Configure, Start, and Validate Apache Flume

  1. If you have not already done so, upgrade Apache Flume. On the Flume host machine, run the following command:

    • For RHEL/CentOS/Oracle Linux:

      yum upgrade flume

    • For SLES :

      zypper update flume

      zypper remove flume

      zypper se -s flume

      You should see Flume in the output.

      Install Flume:

      zypper install flume

    • For Ubuntu/Debian:

      apt-get install flume

  2. To confirm that Flume is working correctly, create an example configuration file. The following snippet is a sample configuration that can be set using the properties file.

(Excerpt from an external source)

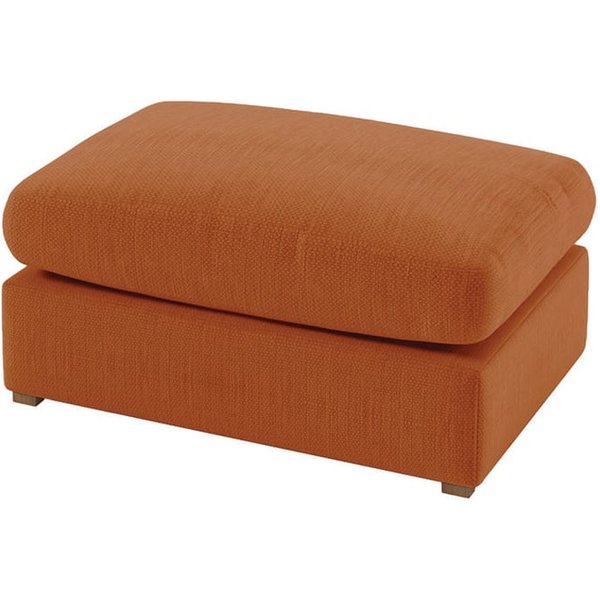 Capitol Footstool Unit, orange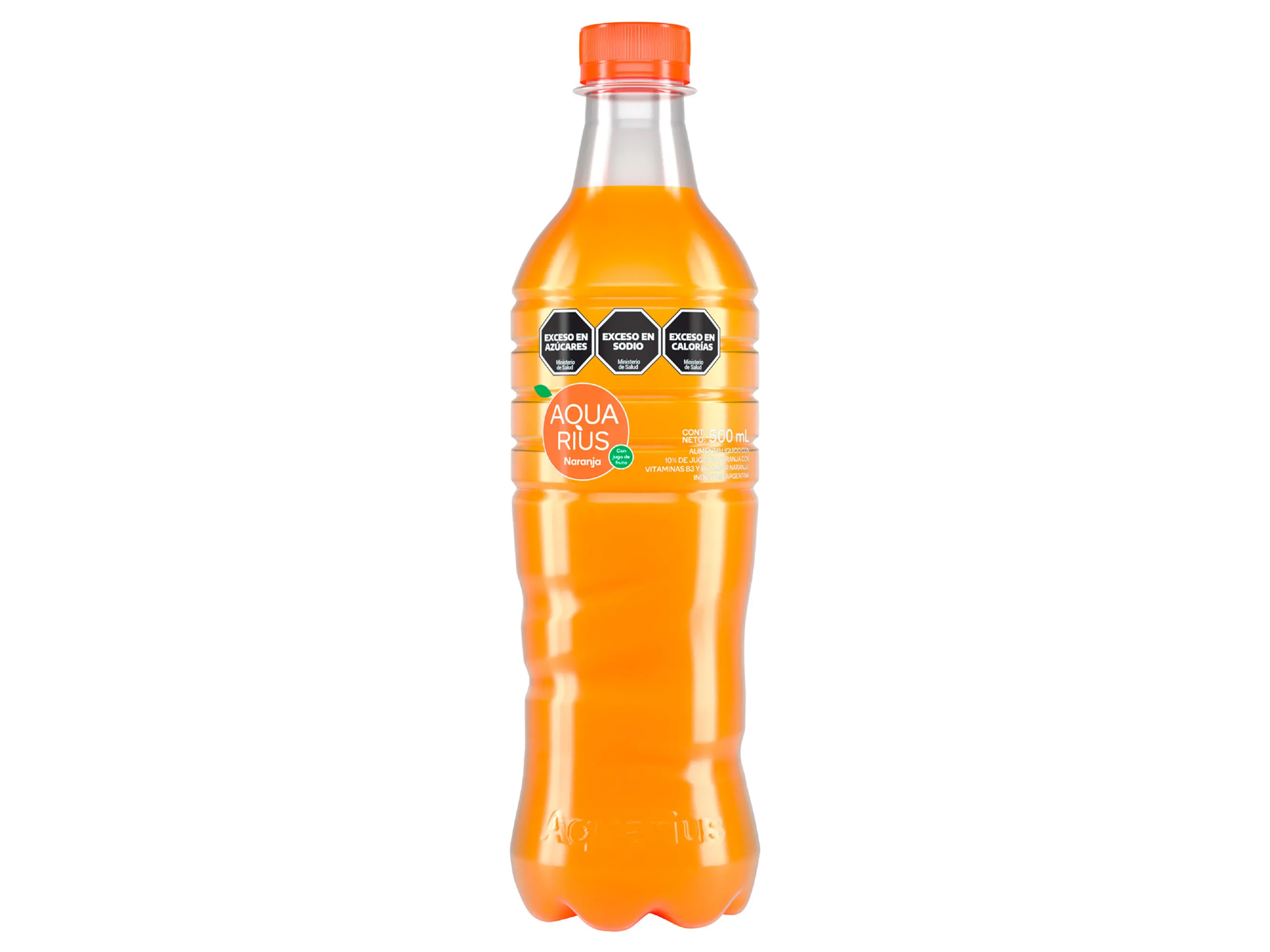 AQUARIUS NARANJA 500 CC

For more detailed information, see the “Flume User Guide.”

    agent.sources = pstream 
    agent.channels = memoryChannel
    agent.channels.memoryChannel.type = memory 
    
    agent.sources.pstream.channels = memoryChannel 
    agent.sources.pstream.type = exec 
    agent.sources.pstream.command = tail -f /etc/passwd 
    
    agent.sinks = hdfsSink
    agent.sinks.hdfsSink.type = hdfs 
    agent.sinks.hdfsSink.channel = memoryChannel
    agent.sinks.hdfsSink.hdfs.path = hdfs://tmp/flumetest 
    agent.sinks.hdfsSink.hdfs.fileType = SequenceFile 
    agent.sinks.hdfsSink.hdfs.writeFormat = Text

    The source here is defined as an exec source. The agent runs a given command on startup, which streams data to stdout, where the source gets it. The channel is defined as an in-memory channel and the sink is an HDFS sink.

  3. Given this configuration, you can start Flume by navigating to FLUME_HOME and executing the following command:

    $ bin/flume-ng agent --conf ./conf --conf-file example.conf --name a1 -Dflume.root.logger=INFO,console
    [Note]Note

    The directory specified for --conf agrument would include a shell script flume-env.sh and potentially a log4j properties file. In this example, we pass a Java option to force Flume to log to the console and we go without a custom environment script.

  4. After validating data in hdfs://tmp/flumetest, stop Flume and resore any backup files. Copy /etc/flume/conf to the conf directory in Flume hosts.